LeBron James isn’t a big fan of on-court cameramen and how close they get to the players, Deadspin reports.
He made the comments to Northeast Ohio’s media group’s, Chris Haynes.
LeBron said that he will have a couple of very important points that he will make during the NBPA union meetings in July.
There are good reasons for King James’ complaints. In game 1 of the Eastern Conference Finals, he stepped on a photographer and sprained his ankle. Most recently. In game 4 of the NBA Finals on Tuesday, he cracked his head open after tripping over a court photographer. Despite his injury, James returned to the game. LeBron also accidentally flashed his penis during an off-court team huddle, all of which was caught on camera. The clip went viral and ABC could face a fine for broadcasting that footage.
The NBA has tried to prevent cameras from getting too close and endangering the players in the past, but it seems that new measures need to be introduced.
“While I appreciate and enjoy up-close action shots of game play, do they really need to be that close to the action?” asked NBPA executive director Michele Roberts. “I am no techno geek, but haven’t we evolved such that we can capture that action without being within inches of the game? Frankly for both the safety of the players and the camera men and women, we need to find a better solution.”
Sean Highkin, writing for NBC Sports’ Pro Basketball Talk agrees with both Roberts and James.
“Camera technology is good enough in 2015 that moving the cameras a few feet back won’t really sacrifice that much in terms of quality of in-game action shots,” he writes.
“What little change there would be is a small price to pay for a change that would be huge for everyone’s safety. These falls haven’t caused many serious injuries yet, but it’s inevitable that it happens at some point. The league needs to do something now before it gets to that point.”
Dealing with on-court cameramen is just one more thing that James has to add to his “unfathomable workload.”

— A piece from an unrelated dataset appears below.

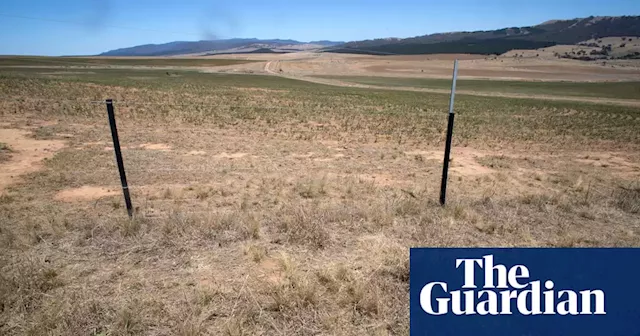 Court upholds finding that company part-owned by Angus Taylor illegally cleared grasslands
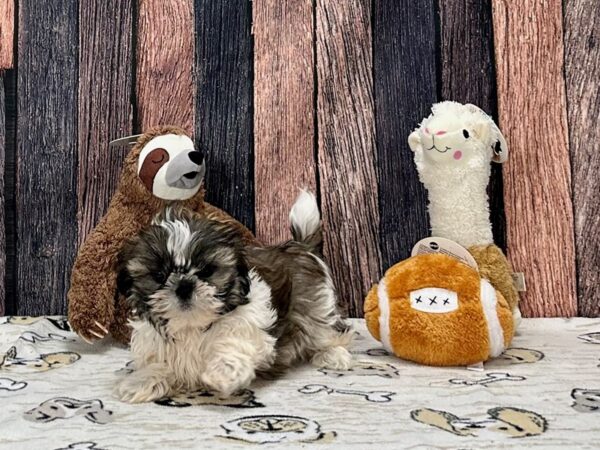 Shih Tzu-Dog-Male-Brindle / White-25803-Petland Scottsdale, Arizona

Last week a group of top sports scientists gathered in Northern England to watch and analyze the NBA finals. Their conclusion: LeBron James has a huge workload and is dealing with a remarkable amount of stress.
“It’s unfathomable to go across the country from Cleveland to San Francisco — at the very least a five-hour flight — and then play 50 minutes in a game the next day,” said Michael Young, an expert from the Athletic Lab. “You don’t see that in any other sport. The travel stress alone can be debilitating.”
“And then you add to the fact that basically it’s a one-man team at this point, and the mental and physical burden — it’s just overwhelming,” Young says.